Hard Red Spring wheat finished the 2016/17 market year with substantial 41.04% stocks to use ratio and leaving end users with very little to worry about when procuring grain needs. This rather large supply of spring wheat helped push all spring wheat planted acreage lower to start the 2017 year. Dropping 706,000 acres from 2016 to 2017, spring wheat was able to capture a rather strong fear driven bull run during the summer months as severe drought conditions set in across the upper plains.
North Dakota alone accounts for 48% of total spring wheat—while North Dakota, South Dakota, Montana and Minnesota combined will account for 90% of total US acreage! Given the fact that regions of these states were ravaged by drought, seeing the Minneapolis December contract fade from a July high of 843’0 to its current 622’2 has been disappointing and very concerning for producers suffering from a production shortfall. However, there is a reason to not give up on this market yet.
The September WASDE report offered little insight but did come across with a bearish bias as the USDA trimmed exports by 10 million bushels and raised imports by 5 million bushels for an overall increase in supply by 15 million bushels; pushing ending stocks up to 146 million. This demand reduction in the September WASDE report was proceeded by a July demand reduction domestically by 5 million and exports by 20 million; helping to stimulate the selloff mid-summer as price rationing began to take effect.
Falling demand estimates matched with falling prices leaves little to work with, but this market season isn’t over yet as the Small Grains Summary is just around the corner. Through the marketing year, the USDA has been reluctant to make much for changes on the supply side of the balance sheet.
Starting the marketing season with an estimated yield of 39.0 bushels per acre, the USDA has since lowered that only to 36.9 currently. That’s well below last year’s 46.2 and the five-year average of 45.7 but still beating the 2006/07 yield of 32.2 and in line with 2007/08’s yield of 36.3; with abandonment rates of 6.96% and 2.59%, respectively. Which raises the question now of abandoned acres this year as the USDA remains at a 3.71% abandonment rate vs the five-year average of 2.2%.

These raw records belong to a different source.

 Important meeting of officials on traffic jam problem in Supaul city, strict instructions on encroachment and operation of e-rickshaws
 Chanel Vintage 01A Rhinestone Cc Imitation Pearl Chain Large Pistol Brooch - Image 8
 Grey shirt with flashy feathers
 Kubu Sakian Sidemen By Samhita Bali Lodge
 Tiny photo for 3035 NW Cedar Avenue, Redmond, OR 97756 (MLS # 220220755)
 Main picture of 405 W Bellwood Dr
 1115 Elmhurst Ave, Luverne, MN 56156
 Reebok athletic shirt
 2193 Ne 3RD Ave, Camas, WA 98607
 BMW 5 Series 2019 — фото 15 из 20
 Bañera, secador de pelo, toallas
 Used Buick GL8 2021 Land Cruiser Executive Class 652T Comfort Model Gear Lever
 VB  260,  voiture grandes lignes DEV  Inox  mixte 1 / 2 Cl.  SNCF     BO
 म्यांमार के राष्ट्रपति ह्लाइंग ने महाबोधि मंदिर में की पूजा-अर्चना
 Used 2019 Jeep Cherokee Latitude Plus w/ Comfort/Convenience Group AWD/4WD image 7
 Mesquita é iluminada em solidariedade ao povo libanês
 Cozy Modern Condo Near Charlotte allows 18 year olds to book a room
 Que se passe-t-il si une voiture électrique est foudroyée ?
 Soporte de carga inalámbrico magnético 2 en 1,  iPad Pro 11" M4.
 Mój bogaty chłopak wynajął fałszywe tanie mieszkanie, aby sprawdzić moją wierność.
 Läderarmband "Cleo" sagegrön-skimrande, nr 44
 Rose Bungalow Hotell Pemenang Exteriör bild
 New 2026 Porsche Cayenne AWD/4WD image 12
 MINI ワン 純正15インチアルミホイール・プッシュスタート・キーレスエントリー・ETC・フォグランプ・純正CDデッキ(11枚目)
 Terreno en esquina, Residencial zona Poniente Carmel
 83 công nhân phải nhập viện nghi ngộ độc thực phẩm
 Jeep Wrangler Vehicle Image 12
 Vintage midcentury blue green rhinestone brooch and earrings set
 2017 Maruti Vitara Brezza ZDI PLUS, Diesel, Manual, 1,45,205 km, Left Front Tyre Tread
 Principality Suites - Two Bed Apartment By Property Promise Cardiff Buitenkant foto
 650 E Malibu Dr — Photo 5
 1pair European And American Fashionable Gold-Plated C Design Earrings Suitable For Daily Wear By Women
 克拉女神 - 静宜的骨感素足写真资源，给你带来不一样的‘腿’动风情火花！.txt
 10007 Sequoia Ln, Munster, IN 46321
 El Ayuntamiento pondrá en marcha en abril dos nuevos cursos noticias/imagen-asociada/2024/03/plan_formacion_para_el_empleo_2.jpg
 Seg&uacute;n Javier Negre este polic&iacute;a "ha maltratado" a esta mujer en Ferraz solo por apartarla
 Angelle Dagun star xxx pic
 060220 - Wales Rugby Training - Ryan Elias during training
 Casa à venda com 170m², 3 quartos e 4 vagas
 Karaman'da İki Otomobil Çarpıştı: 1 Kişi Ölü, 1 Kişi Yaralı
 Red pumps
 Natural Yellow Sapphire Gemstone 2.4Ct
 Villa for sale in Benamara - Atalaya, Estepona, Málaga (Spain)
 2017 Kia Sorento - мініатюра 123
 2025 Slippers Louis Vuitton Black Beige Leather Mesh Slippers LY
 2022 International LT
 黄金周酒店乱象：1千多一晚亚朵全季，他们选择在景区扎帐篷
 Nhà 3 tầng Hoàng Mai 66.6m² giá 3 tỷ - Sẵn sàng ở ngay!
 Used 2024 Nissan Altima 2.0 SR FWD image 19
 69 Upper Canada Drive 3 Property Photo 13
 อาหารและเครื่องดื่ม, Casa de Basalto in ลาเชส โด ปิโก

Increasing abandonment to 8.36% for a harvestable acreage of 9.4 million, ending stocks fall 18 million to 129 million bushels; stocks to use a ratio of 24.4%; well below the 2016/17’s ratio of 41.04% and the five-year average of 37.49%. Still plenty large enough to make it hard to challenge recent market highs but yet low enough to keep some end users concerned going forward as production issues keep popping up around the world; specifically Canada which too struggled with drought in key wheat regions.
As demand estimates have continued to slide through the year as prices rallied, it is possible that any demand damage has already been done and accounted for by the market and USDA. This leaves mostly just the supply side to be revised down the road. Potential increases to abandonment and potential decreases in yield are both supportive to the market plus the likeliness that spring wheat will need to buy acres this coming spring as the September 2018 contract is trading at only 629’0 today; not much incentive to increase acres in 2018.
The market remains in a limbo as we wait for the Small Grains Summary on September 29th and may have some downside technical objectives to achieve before a recovery can happen. However, the outlook is supportive.